The Things We Did For Love by Natasha Farrant
Genre: Historical YA
Rating: 6/10
As war rages in Europe, teenagers Luc and Arianne fall passionately in love. But German forces are closing in and Luc, desperate to atone for his family's past, is drawn into the dangerous world of the Resistance. Arianne will do almost anything to keep him safe, but someone else is secretly in love with her - someone who will stop at nothing to get rid of his rival...

This review is proof that I find it very difficult to differentiate between how I feel about a book and how good a book actually is. I think this book does all that it sets out to do and as a book meant for teens I think it would probably work really well as an introduction to war fiction. The plot is loosely based on real events during the French Occupation (if you'd like to know which ones click here) though the central characters and their relationships are fictional. The Things We Did for Love is compelling - I read it in two sittings - and although the book isn't very long (only about 230 pages) I did get a real sense of place and the character dynamics were really efficiently set out. In all those respects the book is good, it works but ultimately, I was left feeling a little unsatisfied.

I love war stories and I love YA but I'm beginning to realise that war stories told in historical YA don't work for me. My problem with The Things We Did for Love is that the story it establishes is one in which the choices made by Luc, Arianne, Romy and their families directly contribute to later events. They make choices and those choices have consequences. But the book finishes too soon and crucially, changes the narrator for the final section, so that we don't get to see the characters coming to terms with what they set in motion. Questions of morality are always complicated, especially so in war time yet the book's conclusion ends up negating the moral ambiguities of our protagonists' actions by ending with an event which we can all understand as being terrible and unforgivable. I love that books such as this are telling stories in which teenage characters are agents whose actions do have an impact but I want to read books which are expressly about those choices and their consequences. I want books which not only raise questions of agency and complicity but which explicitly explore them through character arcs.
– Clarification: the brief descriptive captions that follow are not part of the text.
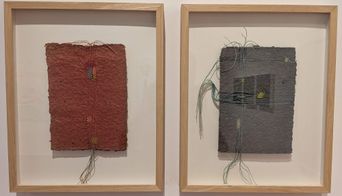 Two framed pieces of textured handmade paper artwork stitched with coloured thread, hanging on a white gallery wall at Muziris Contemporary.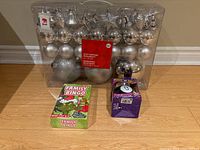 Front image of a set of silver shatterproof Christmas ornaments, Family Bingo game, and Magic 8 Ball game on wooden floor.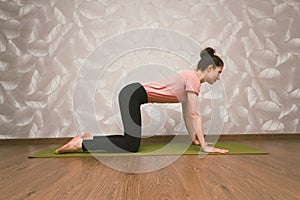 Woman practising yoga,home workout concept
Some of the best discussions of conflict and rebellion etc. occur in YA (Patrick Ness' Chaos Walking Trilogy is a really glorious example of this) but they always seem to be lacking in YA based on 'real' history. I acknowledge that as a 24yr old historian I'm probably not considered to be among this book's target audience and, like I said before, I think the book succeeds with what it wants to do (namely tell the story of a historical atrocity in a way that will most engage a teenage audience) but it raises some interesting questions about the difference between using fictional characters to tell war stories and using fictional wars to tell character stories.